Prévision numérique du temps : 36 heures d'anticipation gagnées en 20 ans
Les modèles de prévisions numériques du temps se sont considérablement améliorés. Ils intègrent également beaucoup plus de données d'observation. Pour matérialiser ces progrès, Météo-France a rejoué la situation, en faisant tourner les modèles actuels pour analyser la situation de l'époque. Les résultats sont saisissants : même sur ces événements extrêmes, 36 heures d'anticipation au moins ont été gagnés en 20 ans.
23 décembre 1999
Le 23 décembre 1999, avant-veille de Noël, la situation météorologique, comme souvent à cette période de l'année, est propice à la formation des tempêtes sur le proche Atlantique. Les prévisionnistes de Météo-France s'inquiètent des prévisions fournies par les modèles numériques et confrontent les résultats avec les observations. La situation est suffisamment préoccupante pour que des bulletins d'alerte annonçant des vents violents soient diffusés vers les services de la Sécurité civile, conformément aux procédures de sécurité en vigueur... Quatre jours plus tard, la France compte ses victimes : en moins de 48 heures, deux tempêtes successives d'une violence inimaginable ont traversé notre pays à grande vitesse, laissant après leur passage 92 victimes et des dégâts matériels d'une très grande ampleur.
Pour Lothar, Les modèles de Météo-France de l'époque ont fourni des prévisions pertinentes, dès le 25 décembre à 00 UTC. Cependant, le développement explosif de la tempête est sous-estimé par le modèle du fait de son caractère extrême.
L'importance du creusement associé à la première tempête lors de son développement explosif est telle que le modèle ne parvient pas à restituer correctement les paramètres aux divers niveaux.
Pour Martin, dès la matinée du 27 décembre, le scénario d'évolution adopté par Météo-France au vu des résultats du modèle de prévision ARPEGE prévoit le passage d'une forte tempête nécessitant le déclenchement d'une nouvelle alerte au niveau national. Le modèle ne permet cependant pas d'anticiper précisément la trajectoire de Martin.
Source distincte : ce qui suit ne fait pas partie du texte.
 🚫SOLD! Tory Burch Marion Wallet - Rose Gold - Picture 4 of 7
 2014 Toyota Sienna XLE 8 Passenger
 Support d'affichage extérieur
Pour cette seconde tempête, plus classique que la première, un nombre insuffisant d'observations sur l'Atlantique et le rejet intempestif de bonnes observations s'écartant trop de l'ébauche – constituée par une prévision à 6 heures d'échéance pour le 27 décembre à 12 UTC – ont conduit à de mauvaises analyses de la pression au niveau de la mer et des paramètres d'altitude.
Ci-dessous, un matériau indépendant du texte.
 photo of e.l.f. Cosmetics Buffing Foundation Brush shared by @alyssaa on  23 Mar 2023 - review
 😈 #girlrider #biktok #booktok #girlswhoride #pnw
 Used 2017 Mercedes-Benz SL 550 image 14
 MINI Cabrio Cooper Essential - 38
Et si ces tempêtes se produisaient aujourd'hui ?
L'amélioration continue de nos modèles de prévisions numériques du temps, soutenue par la recherche et par l'augmentation considérable de la puissance de calcul, permettrait aujourd'hui d'obtenir 36 heures d'anticipation sur la prévision de l'arrivée de Lothar.
Avec un système de prévision numérique proche de notre savoir-faire d'aujourd'hui, la prévision pour le 26/12 à 06 UTC, heure à laquelle la dépression a déjà atteint son stade de maturité sur la France, réalisée à partir du 23 décembre à 18 h UTC est de même qualité que la prévision réalisée à l'époque le 25 décembre à 06 h UTC.
Les progrès de la prévision numérique du temps se concrétisent aussi pour les événements extrêmes.
Et c'est sans compter les progrès de l'observation. Ces prévisions rejouées utilisent en effet un état initial qui ne peut incorporer que les observations de l'époque. Or le monde de l'observation a aussi vu l'arrivée massive de nouvelles données mesurées par les satellites. On peut imaginer que l'on aurait pu faire encore mieux aujourd'hui. Cette expérience n'exploite pas non plus les potentialités de la plus haute résolution autorisée aujourd'hui, à savoir une résolution des modèles portées à 5 km sur la France en global, et à 1,3 km en prévision régionale.
Beaucoup de choses ont changé depuis 20 ans, des performances de la prévision à la chaîne d'alerte, perfectionnées avec la vigilance.